The first business I recall him proposing was an expired sandwich meat auctioning venture. I owned a small pickup. It was my first vehicle and I love it to this day, though it has long since been crushed into a cubeish shape. Mean Yogurt asked if I would be opposed to putting a deep freeze in the bed of the truck and wiring it to run off the battery. I expressed misgivings and hesitancy. He continued. “We’ll drive four hours to a warehouse where expired sandwich meat is stored. We have to invest enough money to purchase as much meat as will fit in the freezer. Then we’ll drive back and separate it into boxes and sell it at auction.” I made him aware that I wasn’t fond of the idea of taxing my truck’s battery so. I also postulated that, if anyone bid on our sandwich meat at all, they’d perhaps be enraged when they discovered that it was past its expiration date. He maintained that the people who would bid on sandwich meat at auctions wouldn’t care that it was expired. I found myself at a loss to do anything other than concur.

Mean Yogurt decided once that stealing telephone poles was good honest work. His business proposal included cutting the frame of an inner spring mattress in half, welding one half to the cab of his pickup to act as a shock absorber, then following the people that replace the old poles and, along with three young boys, absconding with the monstrously heavy logs. I continued to break hacksaw blades on the mattress frame until the thought passed from his head and another more noble get rich quick method took its place.

He once held a job at a factory of some sort. He didn’t involve me in this one, happily enough, because it would’ve been illegal. He quit because the getting rich wasn’t happening very quickly at all.

Mean Yogurt once attempted to purchase a golf course at a delinquent tax auction. He assigned me the task of ascertaining the cost of building a satellite and launching it into orbit. He also desired that I find a non-operational off shore oil rig. The rig, he very necessarily explained, was to keep ships from sailing through the beam his satellite would emit into the ocean water turning it into steam. He would then – through some as yet unexplained method-pipe the steam from the ocean to his golf course in Arizona, cool it to return it to its liquid state, and harvest the “ocean minerals” to sell to whomever on Earth is in the market for “ocean minerals.” The problems with this one are many, however, Mean Yogurt was oblivious. For one, I doubt ocean minerals, which I believe are mainly salts, are valuable enough to offset the cost of building and launching a satellite. Then there are the problems that arise when one considers one must keep his egregiously long pipe heated to the point that it will keep water in its vapor state from the ocean to Arizona. Perhaps he learned geography from George Strait. I didn’t bother to tell him that, as far as I know, when the water evaporates the minerals do not go with it. By way of evidence I submit the process in which rock candy is made. I do admit I could be wrong about this one, but I know I’m spot on with the other problems I’ve mentioned.

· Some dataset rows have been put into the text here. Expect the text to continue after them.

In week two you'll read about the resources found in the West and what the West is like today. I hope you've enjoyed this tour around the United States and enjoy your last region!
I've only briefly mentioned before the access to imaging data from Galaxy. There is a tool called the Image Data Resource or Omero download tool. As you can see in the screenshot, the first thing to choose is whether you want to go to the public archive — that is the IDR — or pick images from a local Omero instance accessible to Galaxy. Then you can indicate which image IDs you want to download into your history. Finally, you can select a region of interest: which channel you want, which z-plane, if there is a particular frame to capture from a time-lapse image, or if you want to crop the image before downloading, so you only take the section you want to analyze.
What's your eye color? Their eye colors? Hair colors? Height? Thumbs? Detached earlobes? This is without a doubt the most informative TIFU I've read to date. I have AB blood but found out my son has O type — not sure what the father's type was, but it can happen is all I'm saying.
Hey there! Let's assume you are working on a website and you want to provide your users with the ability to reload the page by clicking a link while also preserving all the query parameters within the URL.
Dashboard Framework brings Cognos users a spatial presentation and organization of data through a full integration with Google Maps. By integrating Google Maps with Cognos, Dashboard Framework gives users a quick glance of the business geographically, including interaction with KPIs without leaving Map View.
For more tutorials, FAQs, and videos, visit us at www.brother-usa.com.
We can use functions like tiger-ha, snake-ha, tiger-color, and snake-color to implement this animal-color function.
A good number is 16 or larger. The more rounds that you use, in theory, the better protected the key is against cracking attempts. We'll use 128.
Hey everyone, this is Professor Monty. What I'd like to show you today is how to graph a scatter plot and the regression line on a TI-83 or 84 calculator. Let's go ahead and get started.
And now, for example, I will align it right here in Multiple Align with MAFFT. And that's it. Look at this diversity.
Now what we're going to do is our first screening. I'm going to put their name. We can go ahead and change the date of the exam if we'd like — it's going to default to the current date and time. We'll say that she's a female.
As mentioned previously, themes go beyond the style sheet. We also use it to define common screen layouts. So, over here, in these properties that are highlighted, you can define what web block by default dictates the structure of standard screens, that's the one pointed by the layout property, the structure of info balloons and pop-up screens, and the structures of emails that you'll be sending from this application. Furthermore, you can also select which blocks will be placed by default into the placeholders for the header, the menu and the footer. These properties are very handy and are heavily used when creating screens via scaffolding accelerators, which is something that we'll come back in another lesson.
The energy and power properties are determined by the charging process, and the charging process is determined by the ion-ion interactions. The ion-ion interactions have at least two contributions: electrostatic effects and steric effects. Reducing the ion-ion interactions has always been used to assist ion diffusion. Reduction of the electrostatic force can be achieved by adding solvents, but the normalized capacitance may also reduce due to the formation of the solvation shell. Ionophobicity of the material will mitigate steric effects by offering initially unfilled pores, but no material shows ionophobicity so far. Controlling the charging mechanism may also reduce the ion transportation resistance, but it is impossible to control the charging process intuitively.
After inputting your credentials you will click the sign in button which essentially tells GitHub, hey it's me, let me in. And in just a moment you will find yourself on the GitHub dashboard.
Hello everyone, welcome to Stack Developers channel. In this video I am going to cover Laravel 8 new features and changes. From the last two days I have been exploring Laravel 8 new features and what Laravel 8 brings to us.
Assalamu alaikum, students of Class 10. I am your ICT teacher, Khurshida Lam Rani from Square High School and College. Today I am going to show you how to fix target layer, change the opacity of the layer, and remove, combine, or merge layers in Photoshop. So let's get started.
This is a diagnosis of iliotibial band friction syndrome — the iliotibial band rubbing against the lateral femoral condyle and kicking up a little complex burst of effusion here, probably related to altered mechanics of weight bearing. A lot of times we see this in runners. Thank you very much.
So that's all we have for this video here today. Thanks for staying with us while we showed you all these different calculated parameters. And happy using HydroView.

The great thinker also planned to hollow out what he termed a mountain that resided on his golf course. He wished to ranch on his golf course. He surmised that the size of his ranch would necessitate the slaughter of a cow a day just to feed the ranch hands he hired to run the place. In the event of some sort of government oppression, he and his hired men would shelter safely out of view in the hollow mountain.

Mean Yogurt proposed that if the economy collapsed, the rich would need wine. He intended to provide it for them. The fruit of choice for his libation? Banana. Apparently ‘tis a gaseous fruit. As it fermented it overwhelmed the pressure relieving measures he’d taken. Rotten banana dripped from the ceiling for days. I found it pointless to bother telling him that if the economy collapsed money would be worthless and the rich would be rendered poor. Perhaps I should tell him to befriend some farmers for the sake of his future.

I bid you adieu and a don’t.

Adieu…know that I understand how crazy this all sounds.

A don’t…for a minute believe I made up a bit of it. Disturbingly, every word is true.